> **Exercise brief**
Transcribed word for word, the lines below from the one with "Kia Venga - 9" through the last line of the records form the answer; no picture is to be included.

> **Record set**
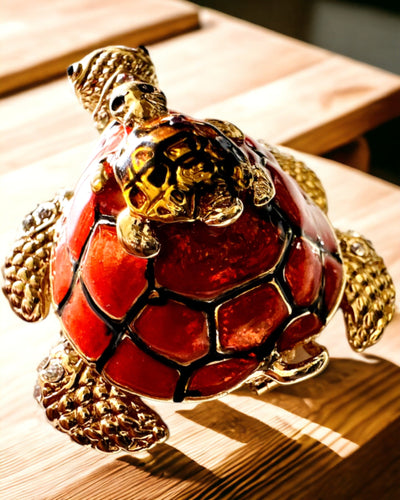 Skrinka "Korytnačia Rodinka" - farba oranžová, personalizácia gravírovaním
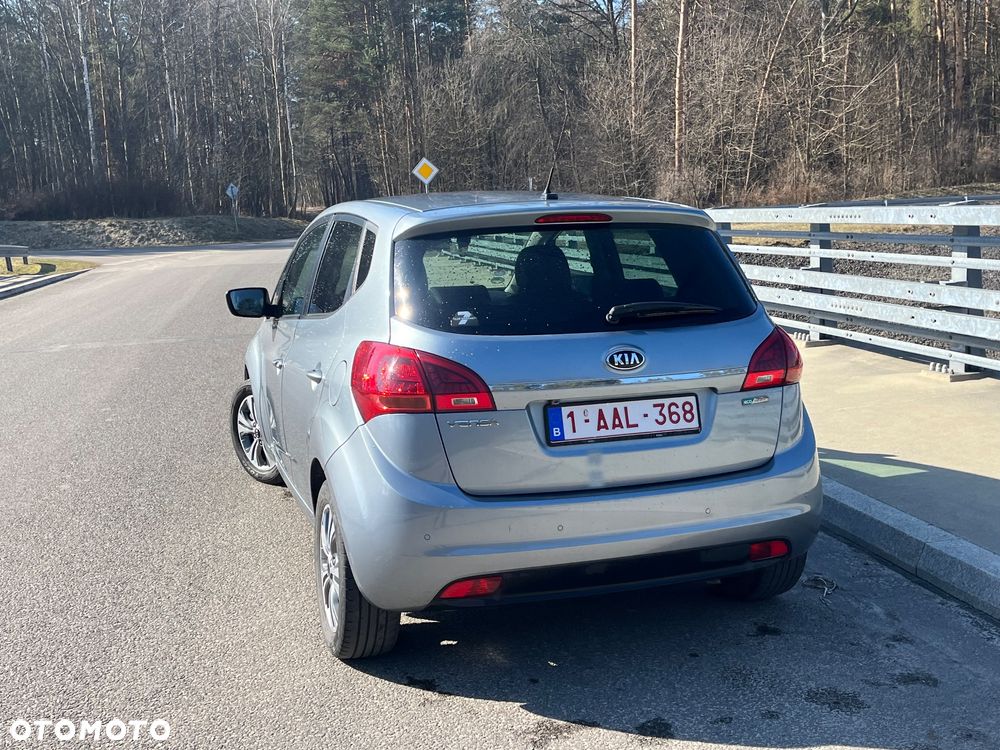 Kia Venga - 9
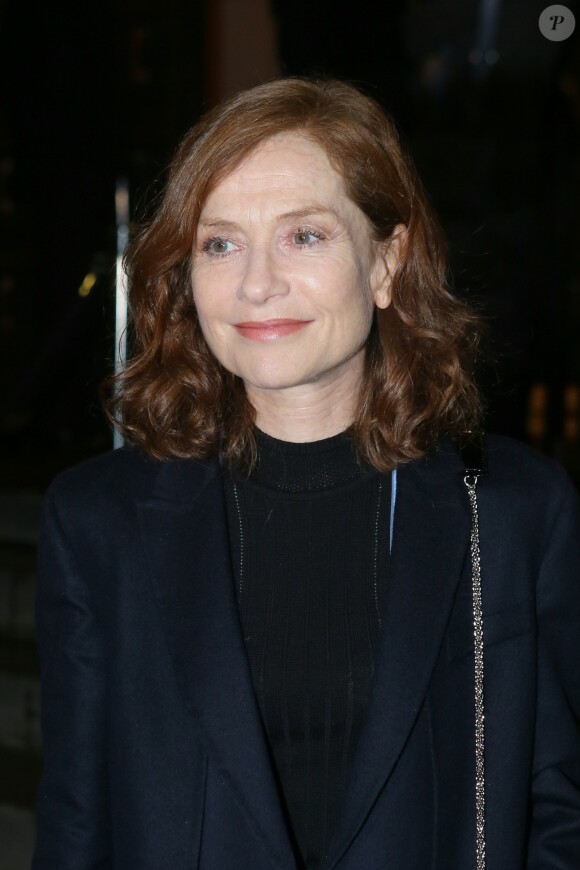Isabelle Huppert - People arrivant au défilé de mode Haute-Couture printemps-été 2017 "Giorgio Armani Privé" au Palais de Chaillot à Paris le 24 janvier 2017.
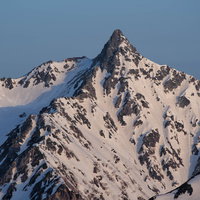 北アルプス東鎌尾根の残雪と槍ヶ岳の写真
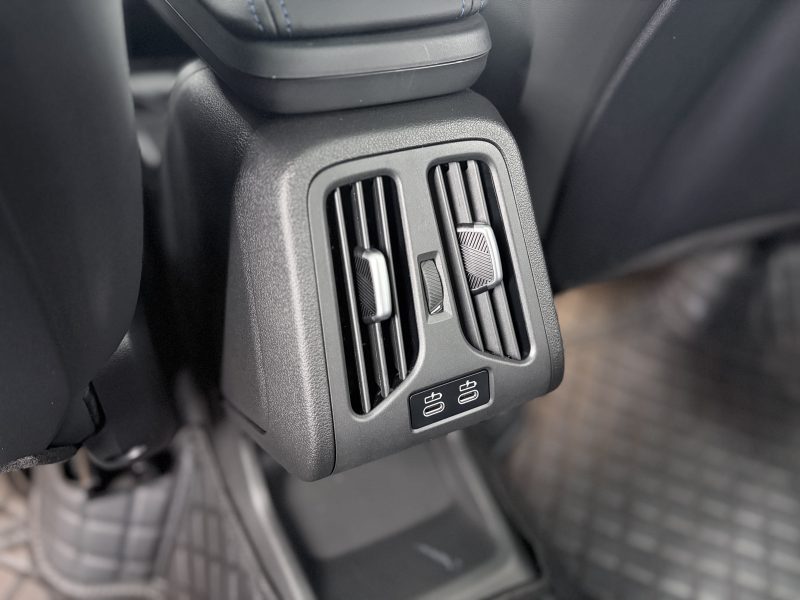 BMW X1 III (U11/U12) 2025, 2 242 км
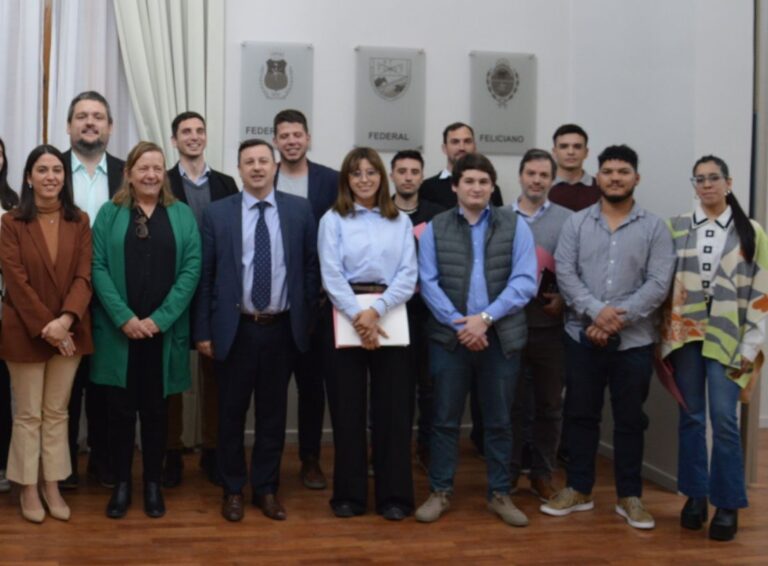 La Juventud de Libertad Avanza Paraná fue convocada a la primera Mesa de Diálogo Político de la Provincia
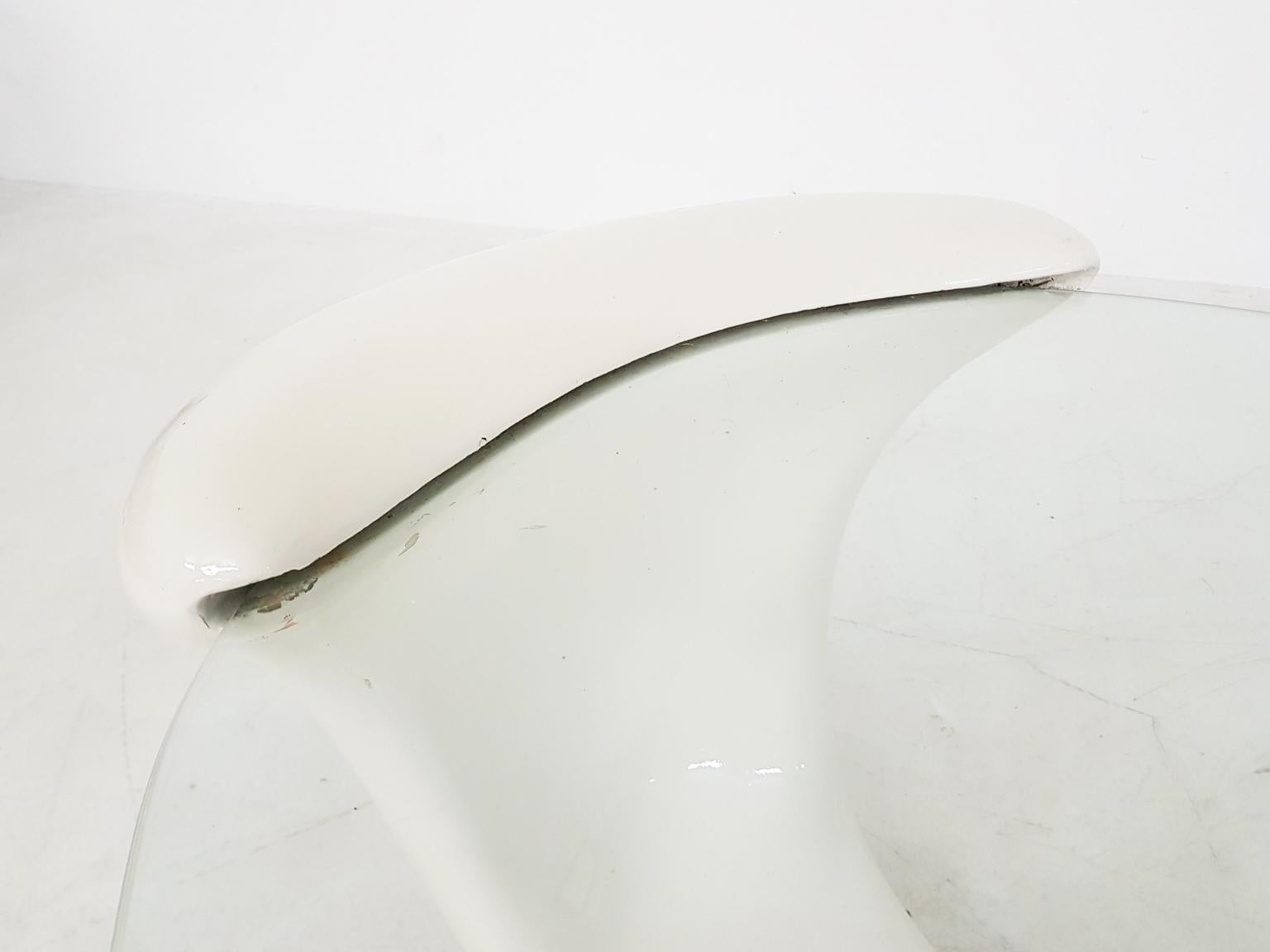 Glass Abstract Human Shaped Coffee Table in White Fibreglass from the Midcentury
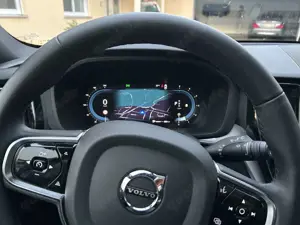 Volvo XC60 XC60 B4 D PlusDark,Pano,fast Vollaus., MwSt awb. Bild 5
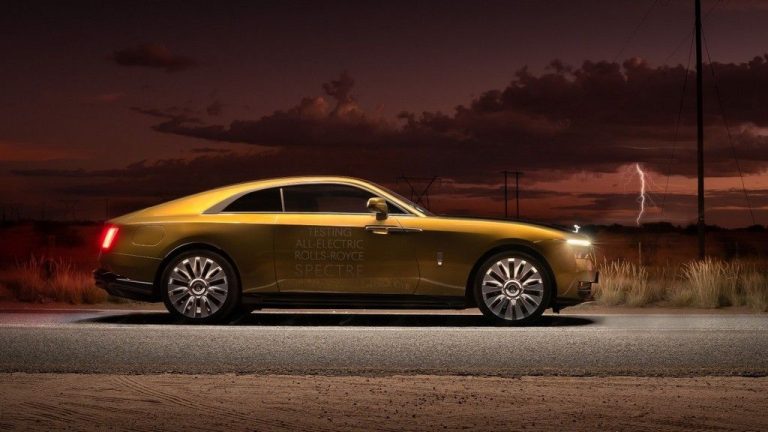 Rolls-Royce се заканува со црна листа за неверните купувачи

> **Answer to the problem**
 Kia Venga - 9
Isabelle Huppert - People arrivant au défilé de mode Haute-Couture printemps-été 2017 "Giorgio Armani Privé" au Palais de Chaillot à Paris le 24 janvier 2017.
 北アルプス東鎌尾根の残雪と槍ヶ岳の写真
 BMW X1 III (U11/U12) 2025, 2 242 км
 La Juventud de Libertad Avanza Paraná fue convocada a la primera Mesa de Diálogo Político de la Provincia
 Glass Abstract Human Shaped Coffee Table in White Fibreglass from the Midcentury
 Volvo XC60 XC60 B4 D PlusDark,Pano,fast Vollaus., MwSt awb. Bild 5
 Rolls-Royce се заканува со црна листа за неверните купувачи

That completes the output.